* What you have to do
What is needed is an exact repeat of the lines from the one holding "Vintage Texture Single" through the final line of the data, with no pictures.

* Input
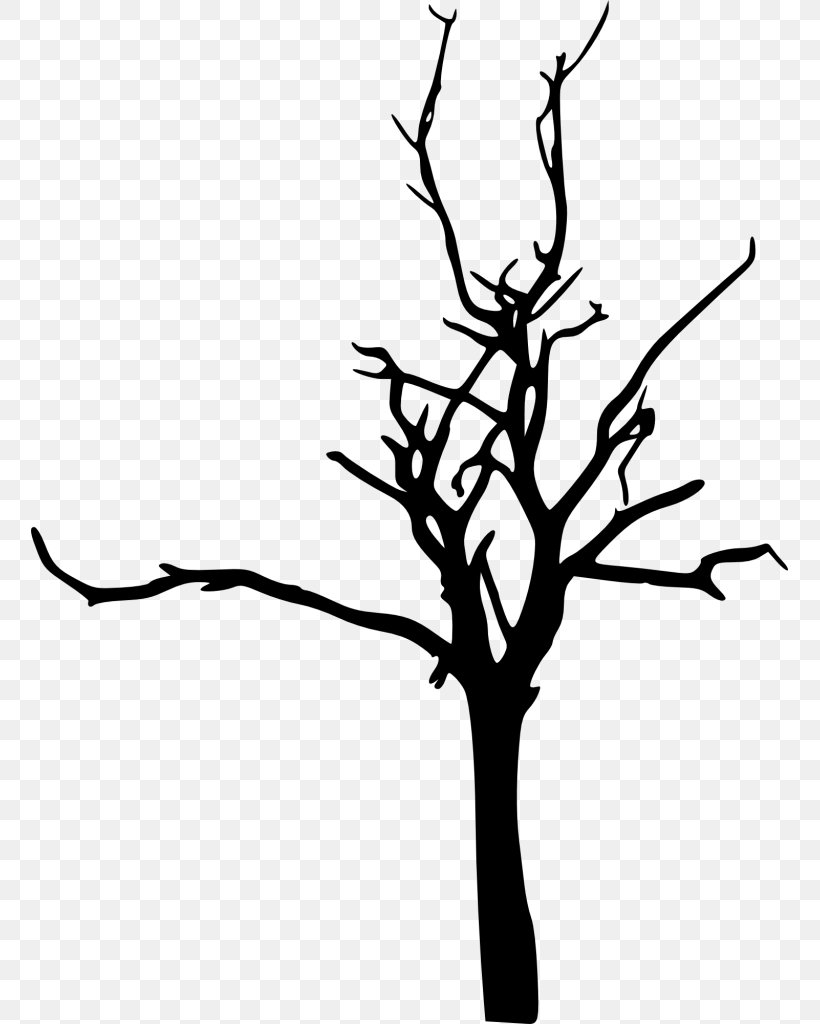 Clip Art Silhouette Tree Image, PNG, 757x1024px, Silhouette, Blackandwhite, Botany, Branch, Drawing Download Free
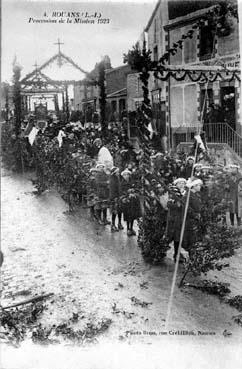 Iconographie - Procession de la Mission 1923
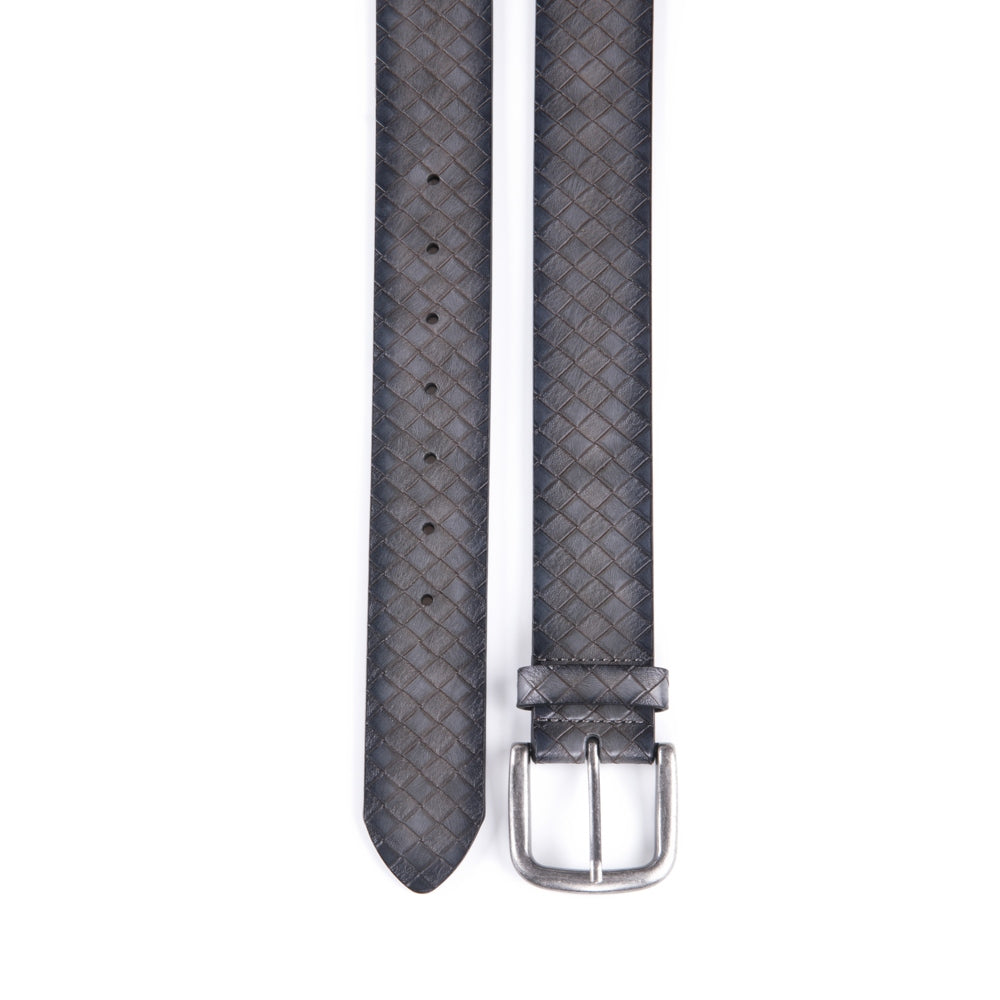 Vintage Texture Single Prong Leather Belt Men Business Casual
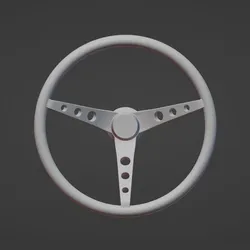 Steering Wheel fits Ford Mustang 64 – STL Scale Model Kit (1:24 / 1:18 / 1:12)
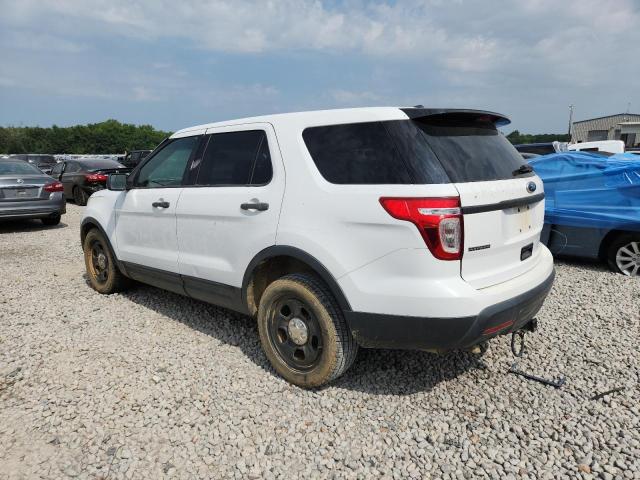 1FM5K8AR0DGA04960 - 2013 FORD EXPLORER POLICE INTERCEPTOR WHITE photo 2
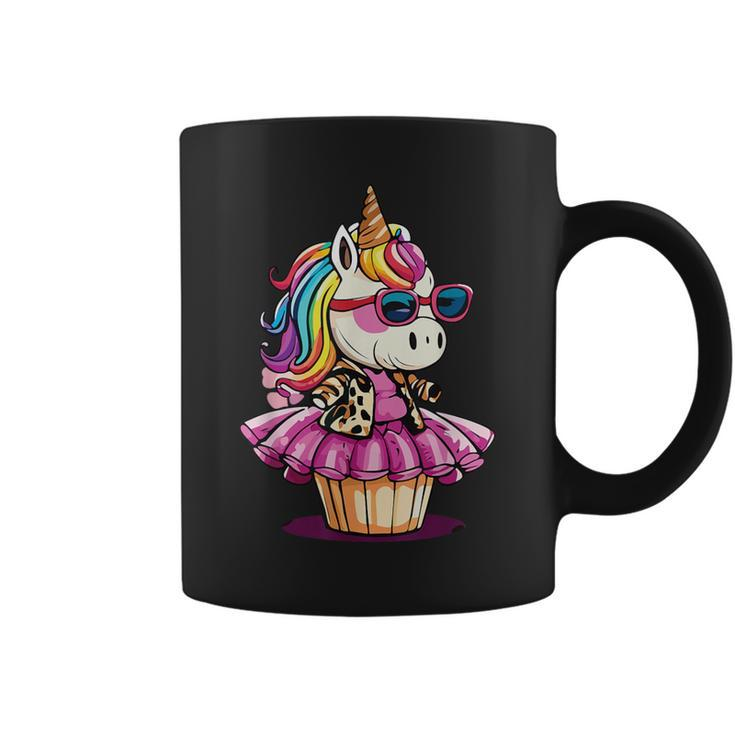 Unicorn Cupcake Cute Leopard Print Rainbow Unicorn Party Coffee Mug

* Reply
 Vintage Texture Single Prong Leather Belt Men Business Casual
 Steering Wheel fits Ford Mustang 64 – STL Scale Model Kit (1:24 / 1:18 / 1:12)
 1FM5K8AR0DGA04960 - 2013 FORD EXPLORER POLICE INTERCEPTOR WHITE photo 2
 Unicorn Cupcake Cute Leopard Print Rainbow Unicorn Party Coffee Mug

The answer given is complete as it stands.